Postby greg on Fri Nov 04, 2016 11:44 am

Probably echoing some people here, sorry if so, but a < $2k simple option -

2x4 stud walls and 2x6 or 2x8 ceiling joist room built about 10" inside the exterior walls/ceiling. Nothing tied to the existing structure. Open face insulation on walls and ceiling of garage, and exterior of the new room (do not sheet with drywall). On the inside of the room, 2-4 sheets of drywall, caulk all seams and cracks of each layer with resilient "sound" caulk, so it stays flexible forever. Sheet over seams on the prior layers with each additional layer. Surface mount electrical boxes and lights (try to keep penetrations to a minimum). Use a wood, solid core door, with semi rigid weatherstripping for the door stops.
If you want to go an extra step, putting a layer of drywall between the garage studs/ceiling joists and caulk the fuck out of the seams before putting up insulation. Just make it air tight. Most garages have all sorts of air leaks
Loud bass will get through, but hopefully at an acceptable level.

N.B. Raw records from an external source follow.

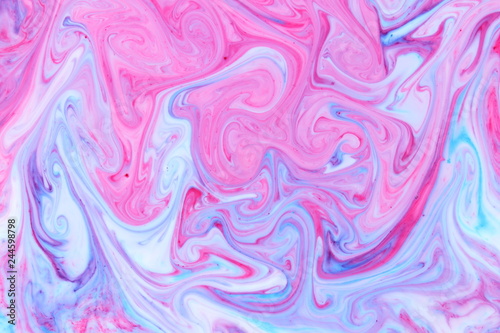 Abstract multicolored background. Fine art of pink blue. Blue pink texture. Colored paint stains in the liquid. Art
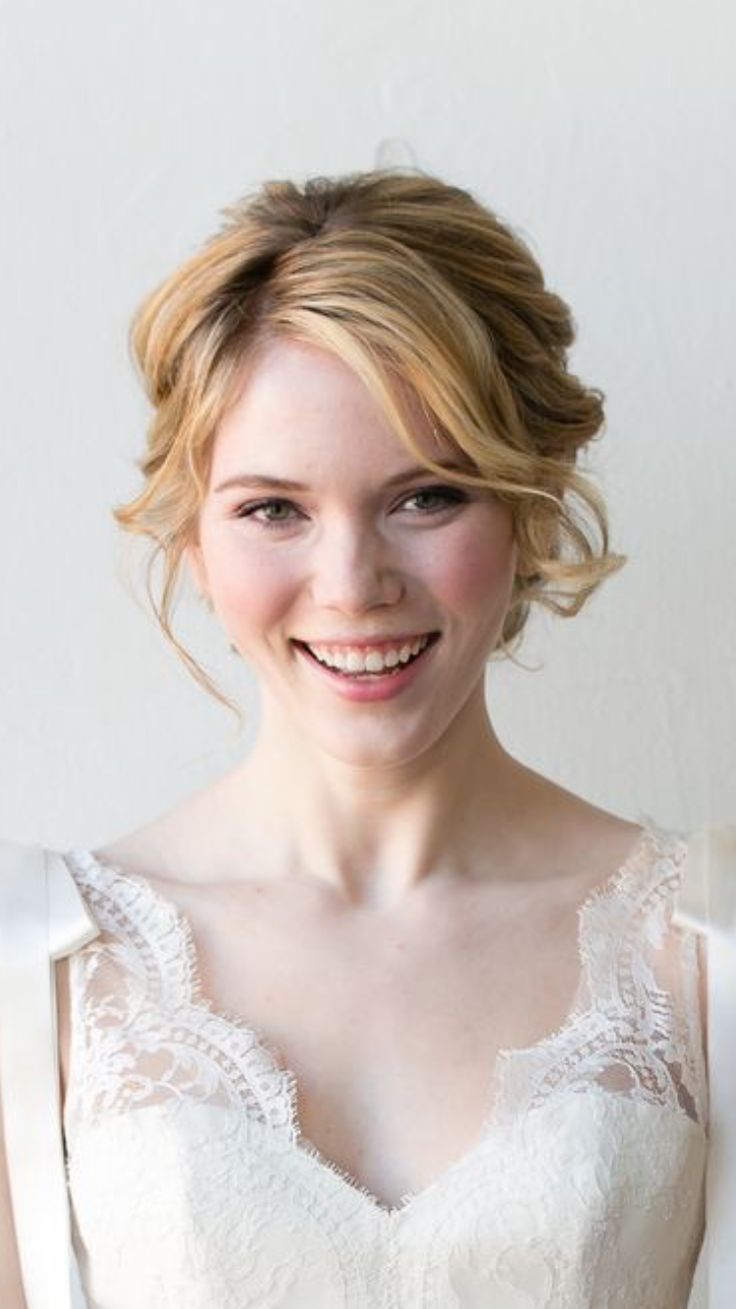 a woman with blonde hair wearing a white dress and smiling at the camera while standing in front of a wall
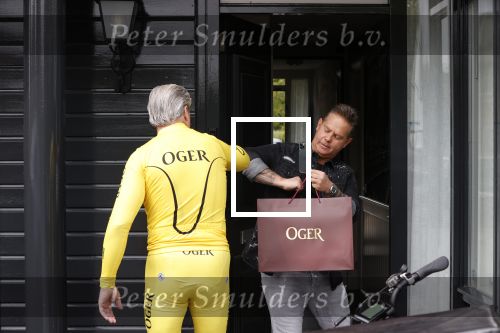 Purmerend 16 mei 2020
Dries Roelvink brengt op de fiets in een gele wielrentrui/broek een pakketje van OGER naar Danny de Munk die thuyis de deur opent als dries aan belt .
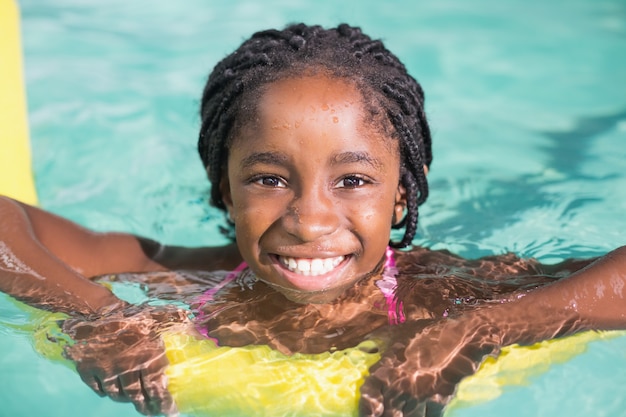 Cute little girl swimming in the pool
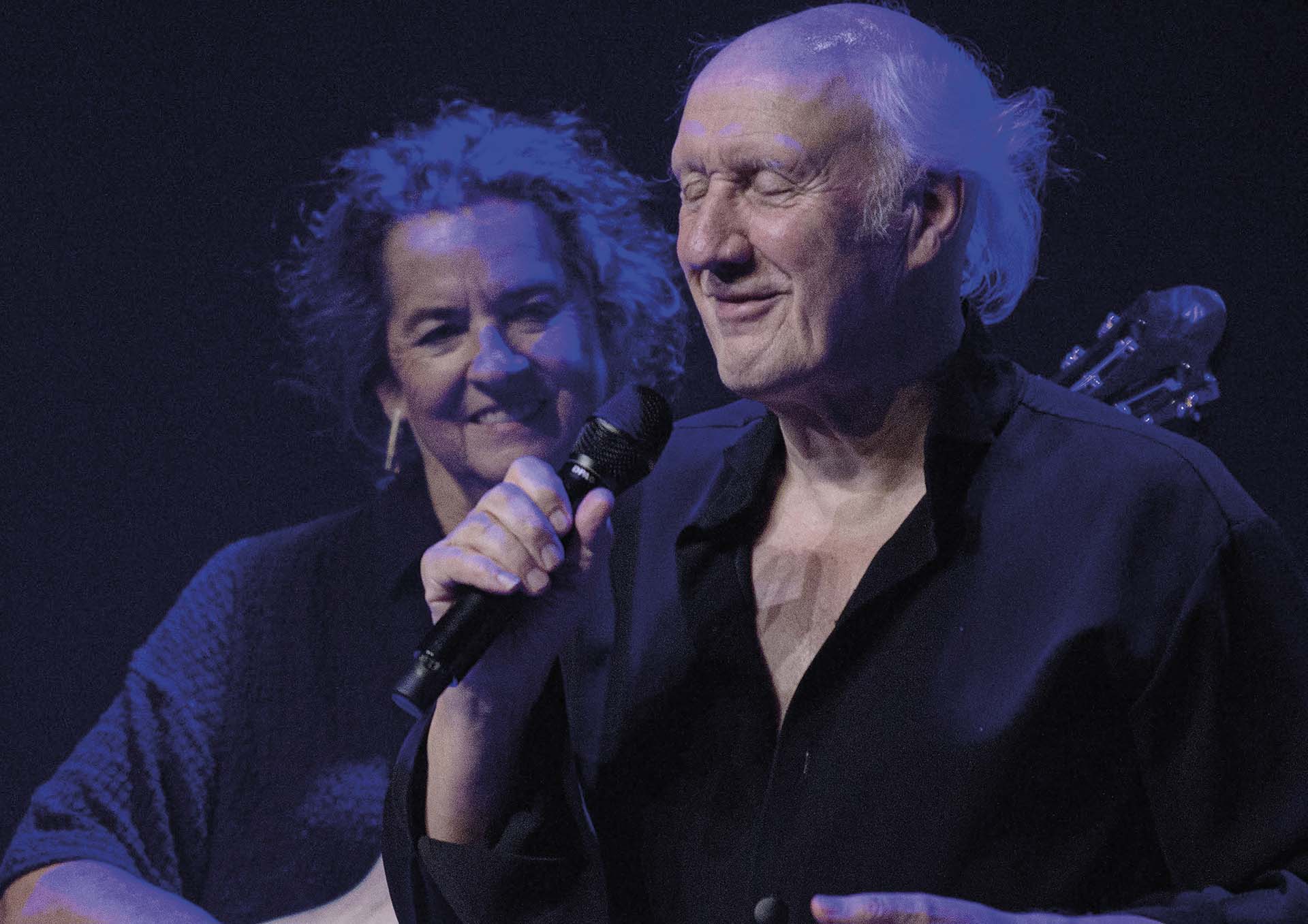 Herman van Veen staat op het podium met een microfoon in de hand, terwijl een muzikant achter hem glimlachend toekijkt.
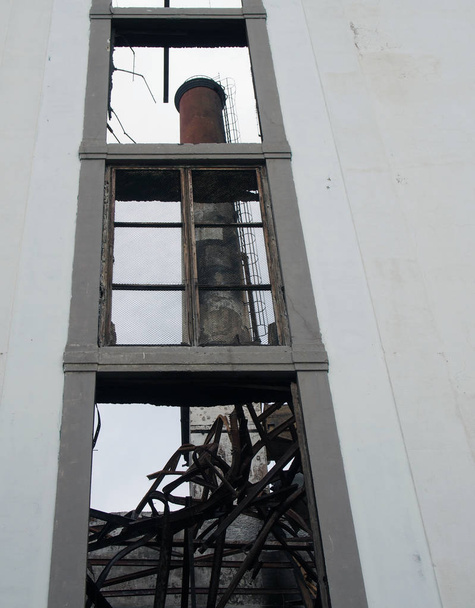 widok przez okno opuszczonego budynku fabryki z wysokim komina widoczne wewnątrz ruin - Zdjęcie, obraz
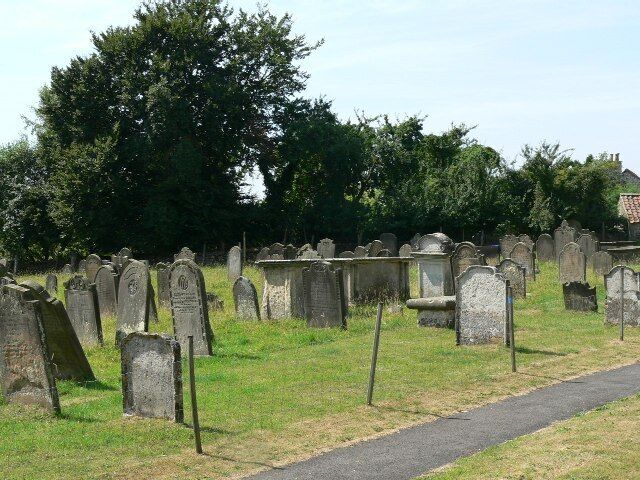 Leaning Left And Right. Graves in the churchyard of Bulmer Parish Church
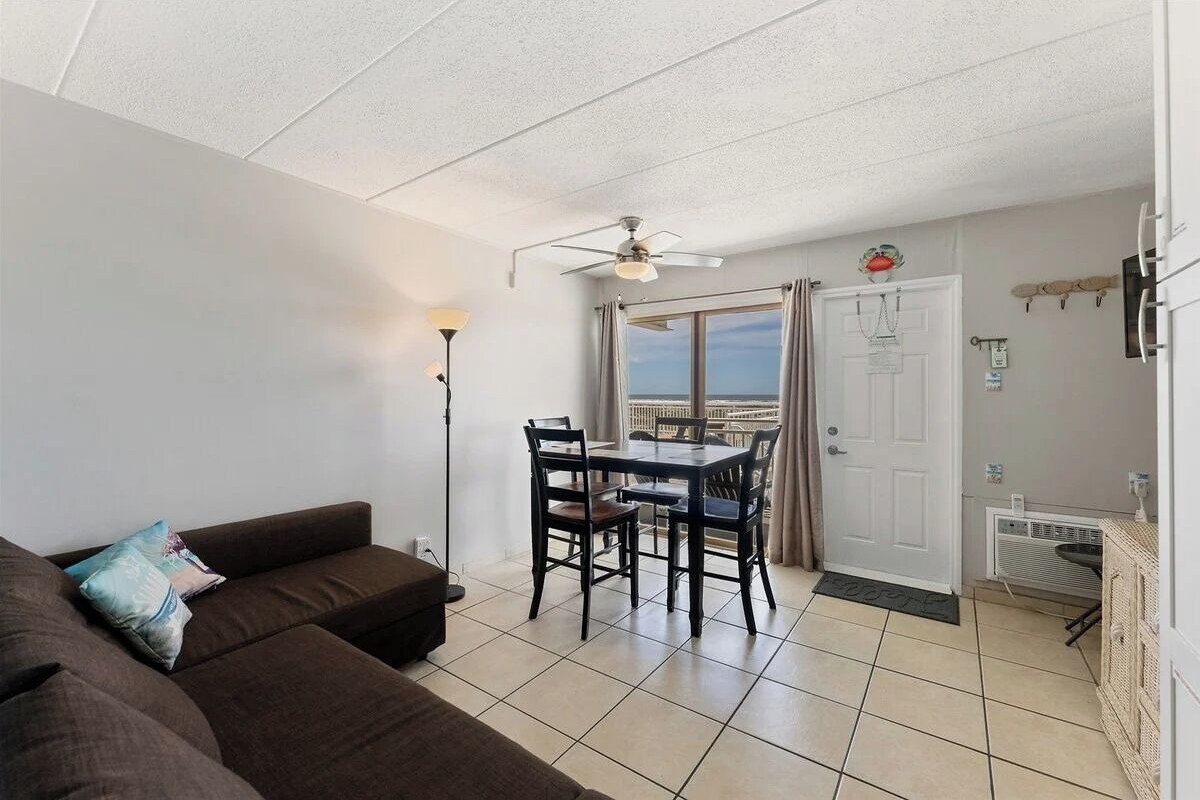 A living room with a sofa, a dining table with chairs, a ceiling fan, and a view through a door.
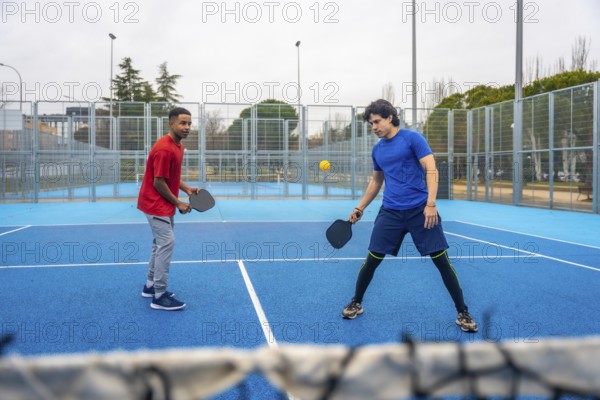 Two young men playing pickleball, hitting the ball over the net during a competitive match on an outdoor blue court, demonstrating focus and active lifestyle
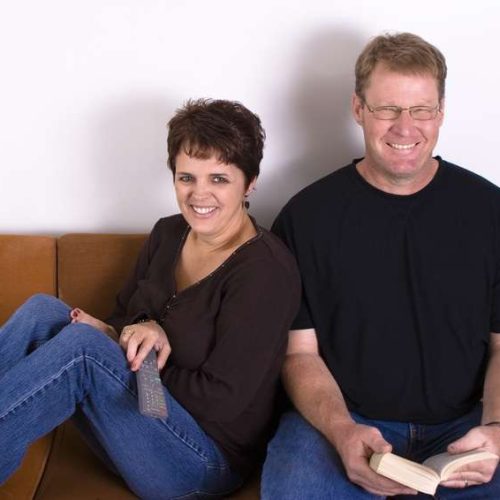 Smiling couple relaxing together on a vintage sofa.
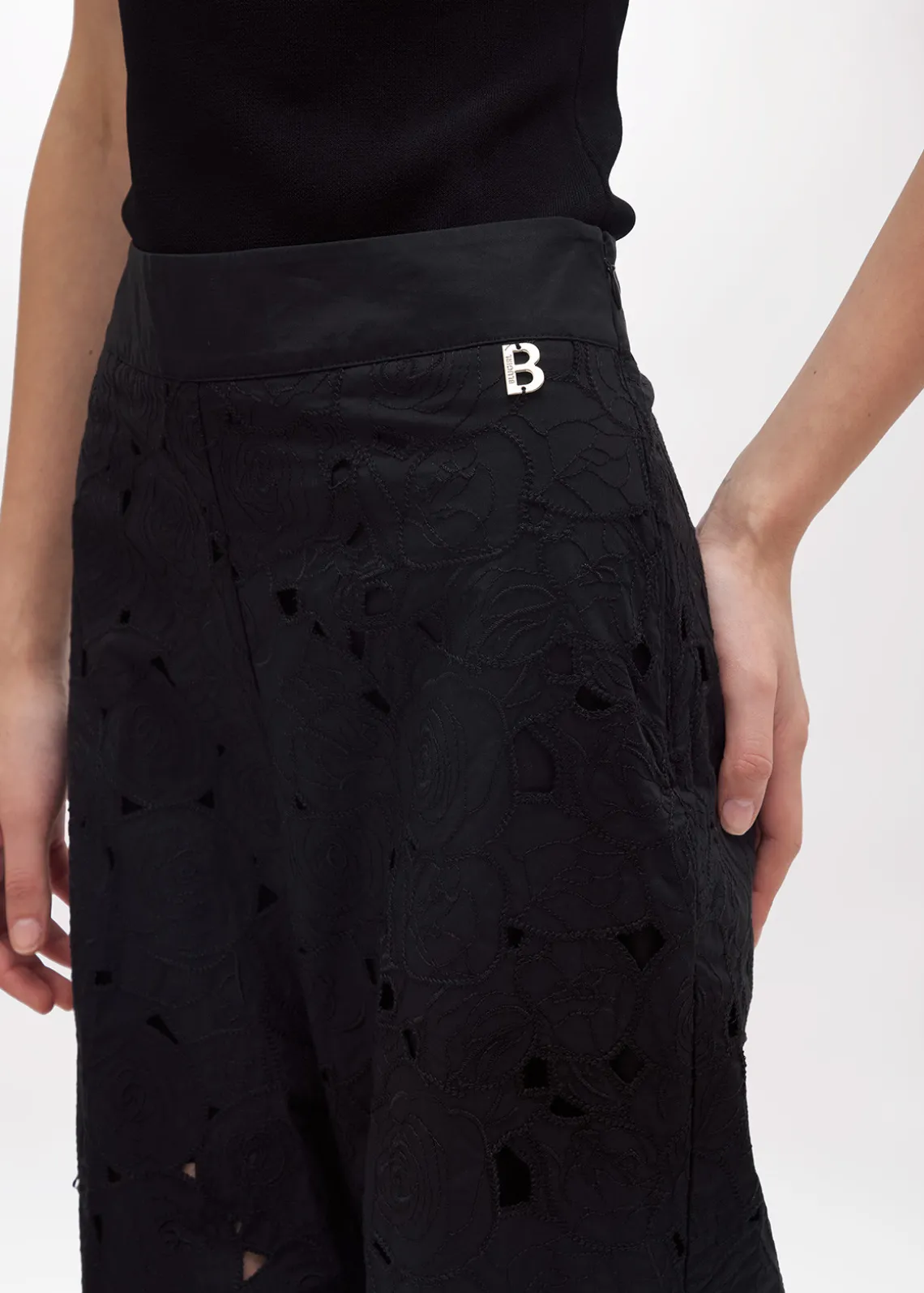FLARED PANTS WITH CUT-OUT ROSE DESIGN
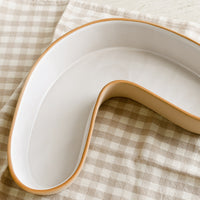 1: A boomerang shaped ceramic serving dish.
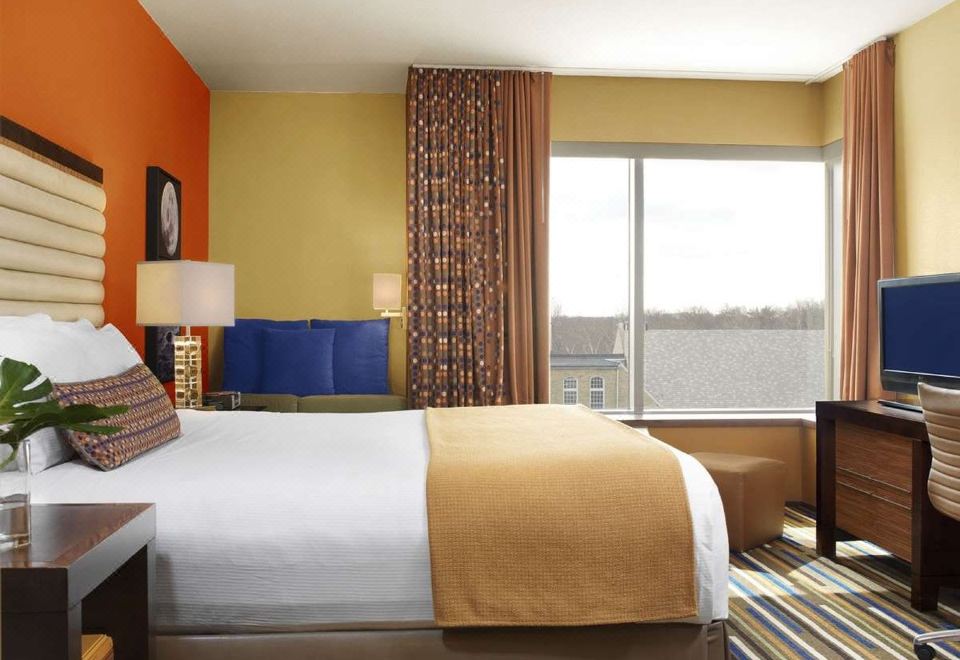 a large bed with a white comforter and brown throw is in a room with a window at The Moonrise Hotel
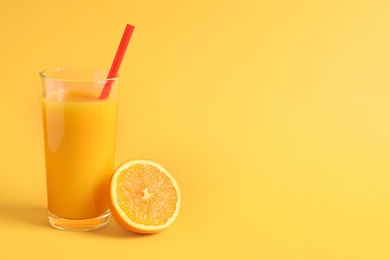 Glass of orange juice with fresh fruit on color background Photo of Glass of orange juice with fresh fruit on color background
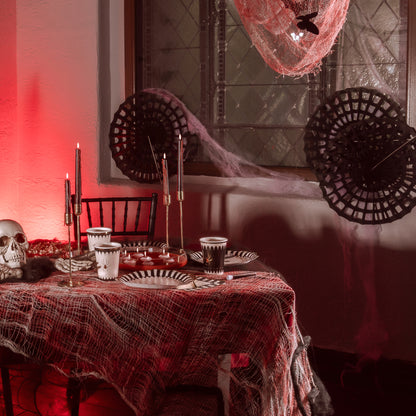 Halloween-themed table setting with candles, skull, and spider web decorations.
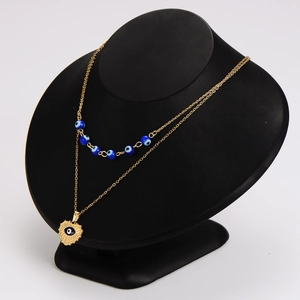 French vintage gold evil eye heart pendant necklace layered with blue bead choker
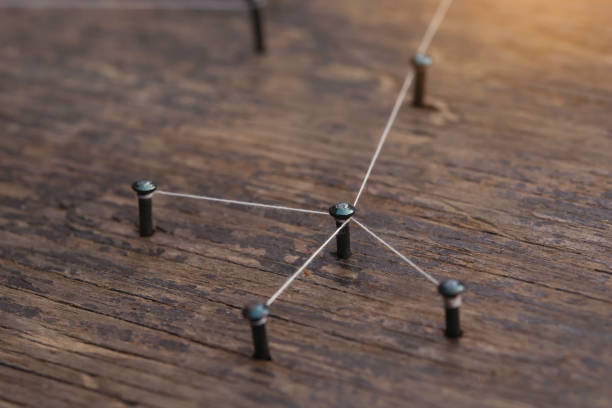 istock Network connected with yarn white on plank wood 1466270445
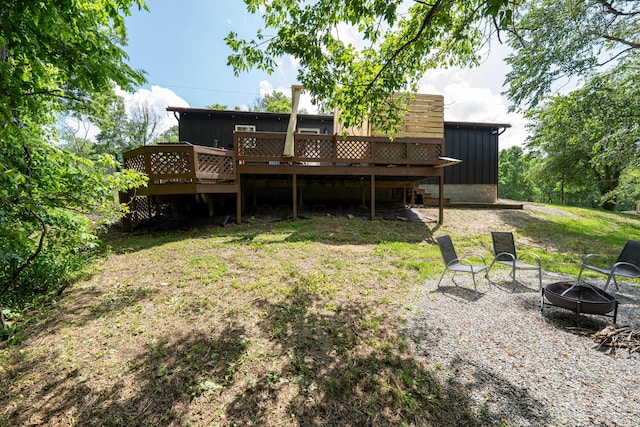 63775 State Route 56, Creola, OH 45622 - back of house with a fire pit, board and batten siding, and a deck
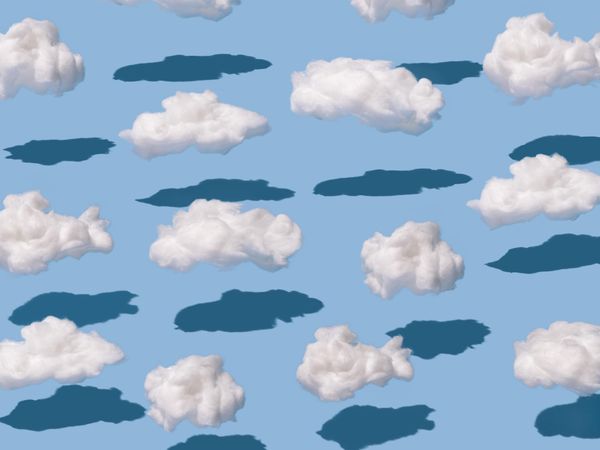 Pattern of fluffy clouds and shadows on blue background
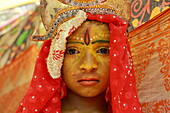 Sitakund, Bangladesh - 21 February 2020: View of a young face adorned with vibrant yellow paint and a crown, framed by a vivid red veil, evokes a sense of ancient tradition and youthful solemnity.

Depending on how your garage is built, it might have a slight grade on the part of the floor you're building on. If you don't plan on building a new level floor, just make sure you build everything proper and level. This might mean a bit of a pain in the butt framing properly. Resist the instinct to do things quickly.

If you want to have heat or ac (good idea), I'd get the smallest mini-spit air conditioner.
If you want fresh air, you can put vents on either side of the room. Build plenum boxes out of 3/4" plywood, and duct insulation on the exterior side with a duct fan sucking air out into the rest of the garage (drawing air through the other plenum).

If there's an unused garage door or window where you're doing this, remove and wall the openings off first. Everything's reversible if you end up selling your house down the road.